Movie Review: At long last “Tenet”

So it was a Bond film all along.

All the speculation, the mystery spinning out of the trailers, the hype. And Christopher Nolan gives us his take on James Bond, tailor-made for our perilous times, a bang-on Bond film buddy picture set in Bizarro World.

“Tenet” unfolds like a screenwriting exercise, a time-bending work of back-engineering a plot from its end to its beginning, and then back again. It gives its heroes a simple dilemma — How do you outsmart somebody with access to the future, who can thus predict your every move?

It turns John David Washington into an action hero, Kenneth Branagh into a Russian supervillain and parks Robert Pattinson in an enviable sidekick role, and in skinny boy combat fatigues at one point. Let’s hope he bulks up before donning the Batsuit.

It promises two and a half hours of sitting in a theater, wearing a mask as we listen to Nolan characters try to make themselves heard through their masks. Kind of a thing with him.
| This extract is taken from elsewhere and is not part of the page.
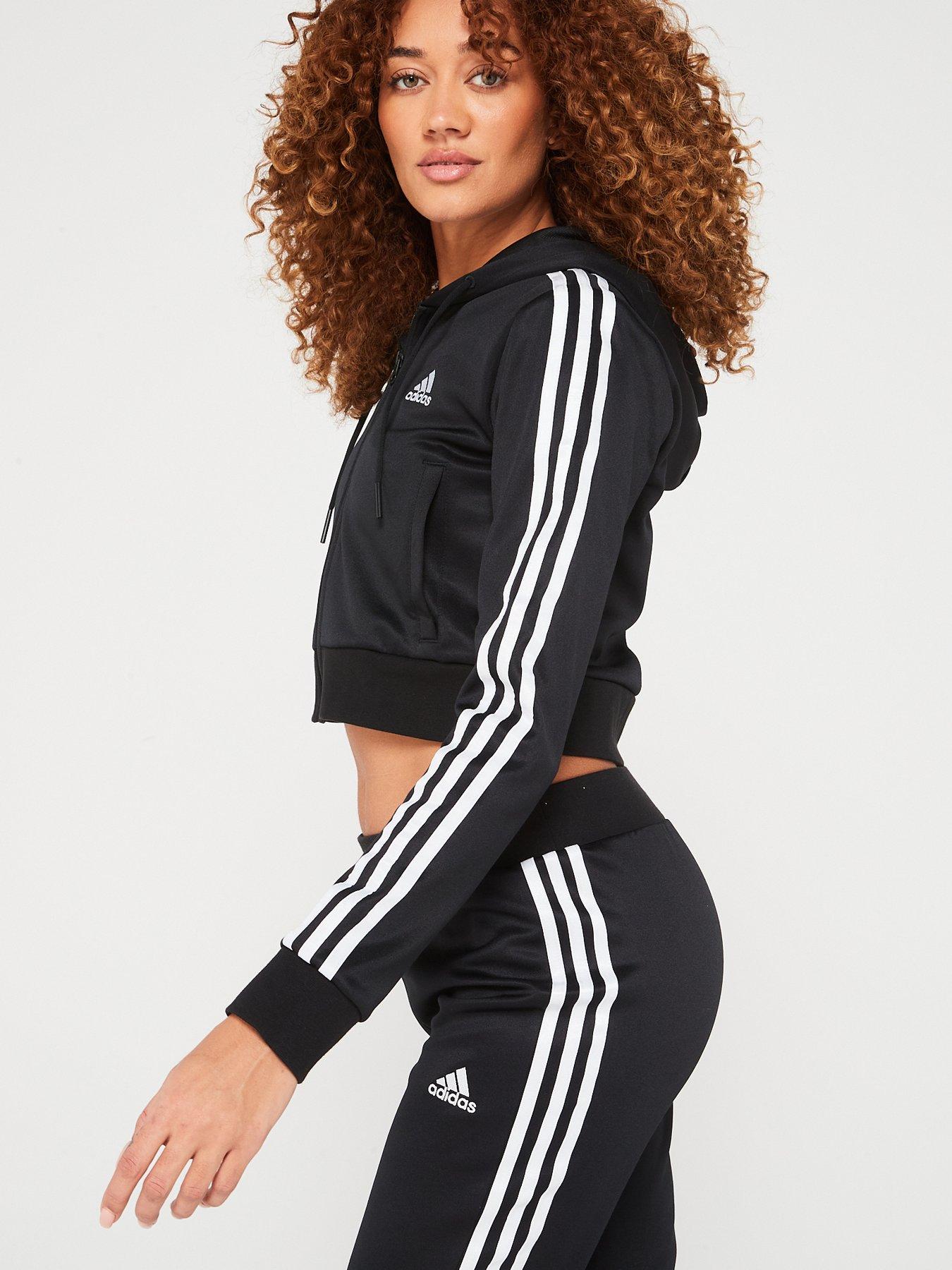 Ladies black adidas tracksuit best sale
Dialogue is lost in many a noisy scene — the Bond style “opening gambit” assault on a Ukrainian opera house, the big bang Bond set piece finale, even in a bit of catamaran racing, where the wind and roar of racing foils cutting through the Mediterranean Sea drown out the words.
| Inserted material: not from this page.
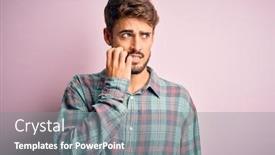  Presentation with pink nails - Colorful slide set enhanced with young-handsome-man-with-beard backdrop and a gray colored foreground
“Don’t try to understand it. Feel it.”

Awful things are afoot, and a CIA agent (Washington) is brought up to speed after a near death encounter with modern civilization’s irredeemable villains — Russians.

“Inverted” radioactive bullets point to somebody manipulating time, violently altering the present with help from the future.
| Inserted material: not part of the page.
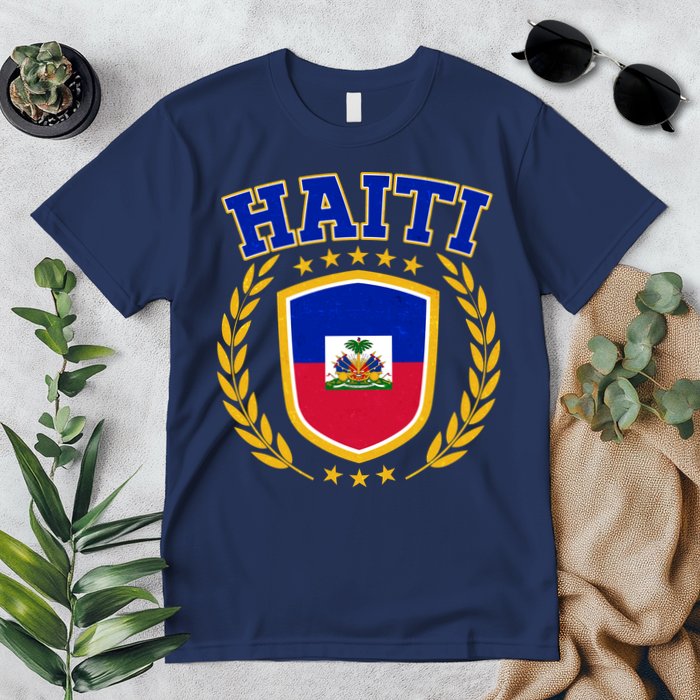 Haiti Flag Crest Shield Logo Premium T-Shirt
The hunt for that “somebody” will require access to a lethally inaccessible Indian arms dealer (Dimple Kapadia), a model-gorgeous trophy wife/art appraiser (Elizabeth Debecki), a “free port” airport vault heist and meetings with and threats from the Russian monster who wants to end us all.

Stopping him will require the help of a mysterious British spy (Pattinson trots out a posh accent for that) and mastering the art of “inversion,” a brawl, shootout and car chase that runs backward and forward in time.

It will require a lot of things left unexplained.

“Ignorance is our ammunition.”

The story beats are Bond movie story beats, so there’s more awe at the spectacle than genuine surprise.

“Tenet,” for all its accents, masks and masked dialogue, does manage light touches. Michael Caine’s obligatory appearance isn’t necessary, but is a delight. And Washington and Pattinson click as reluctant “buddies,” even if Nolan never quite takes the picture there.

It’s an ambitious film, but that’s a given with Nolan.

It’s not his best, although perhaps some of that is a product of the extra months of breathless anticipation and speculation.

In the end, we do “feel it” more than we wholly understand it, despite many a pause to explain “the grandfather paradox” of time travel/history changing and the ways the international super rich avoid meddlesome laws and morality imposed on we mere mortals, with their own economy where those who serve them declare “We put no priority above your property.”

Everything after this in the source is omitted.